|Published in “American Surveyor”|
|Thursday, 10 October 2013|
|Houghton, MI — Michigan Technological University’s bachelor’s degree program in Surveying Engineering has been accredited by the Engineering Accreditation Commission of the Accreditation Board of Engineering & Technology (ABET).
The program has always been accredited in some capacity since its beginning in the School of Technology in 1984; however, the program’s curriculum redevelopment in 2006 required an update because bachelor’s degree engineering courses replaced associate degree courses.
As the field continues to advance, the faculty members in the Surveying Engineering program provide students with cutting-edge technology throughout their coursework. By developing partnerships with industry representatives, students are prepared to work in industry from day one because of their experience with equipment ranging from Robotic Total Stations to GPS to LiDAR scanners.

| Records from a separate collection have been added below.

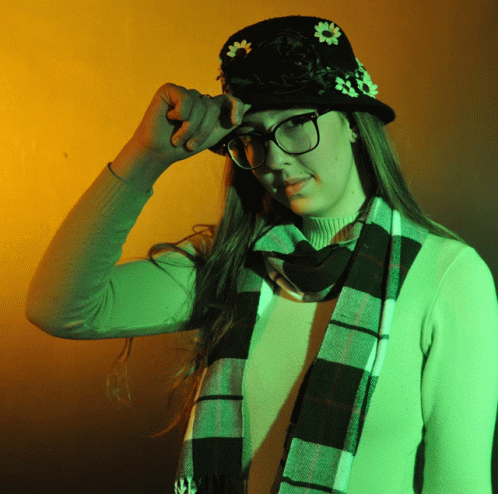 a woman in glasses wearing a plaid scarf and a black hat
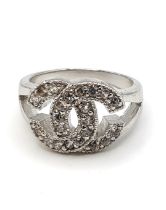 A silver and cubic zirconia cocktail ring, in a designer style, marked 925, size O 1/2.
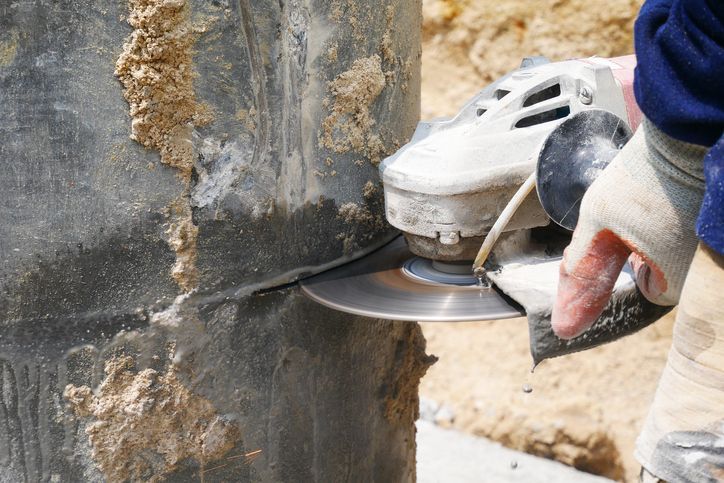 Electric Cutter Penetrating A Cement Pillar | Salt Lake City, UT | Walsh Concrete Cutting Specialists Electric Cutter Penetrating A Cement Pillar | Salt Lake City, UT | Walsh Concrete Cutting Specialists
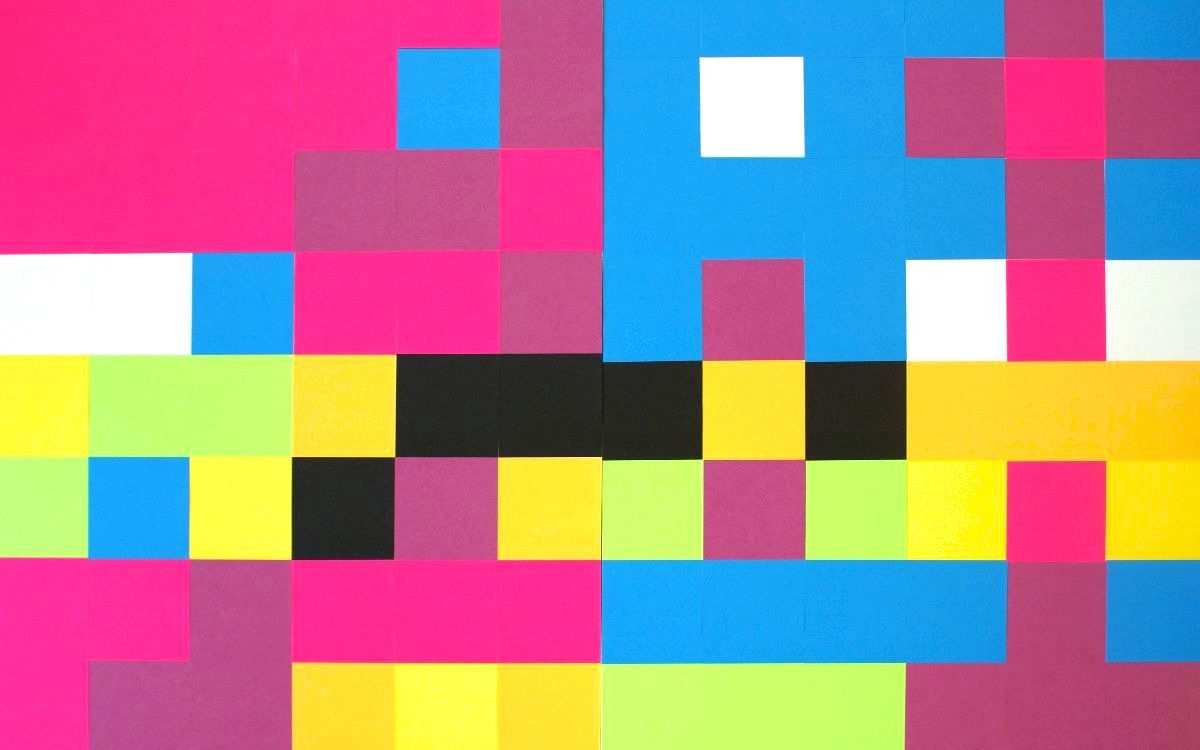 Neon-colored Post-it notes are arranged in a grid, forming pixelated-looking patterns in pinks, purples, yellows, turquoises, black and white.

Students also have access to Unmanned Aerial Vehicles and Kite Image Acquisition Systems to map small- to medium-sized areas or locations that are hard to reach on foot.
“We prepare Surveying Engineers of the future here through hands-on experiences in geospatial science,” said Eugene Levin, program chair. “Our students’ combination of training and education makes us confident that they are not only prepared for successful work in the field, but are aware of modern trends in geospatial technology and industries.”
To gain a deeper understanding of the many areas of surveying, students can choose from one of four concentrations, including Geodesy, Cartography, Photogrammetry, and Geographic Information Systems. Students gain an even better understanding of the world of surveying by working through real-world problems in capstone senior design and Digital Mapping Enterprise projects with industry leaders.
Students can take their education a step further at Michigan Tech by completing a master’s degree in Integrated Geospatial Technology, where they will gain an in-depth knowledge of geospatial science, remote-sensing technology, earth observation systems, and the software used to interpret and visualize geospatial data.
“The profession of surveying engineering is changing and has been changing,” said James Frendewey, dean of the School of Technology. “As a result of the new equipment, surveyors are able to achieve higher rates of productivity. Upon graduation, our students are ready to take the Fundamentals of Surveying exam, their first step toward licensure as a professional surveyor.”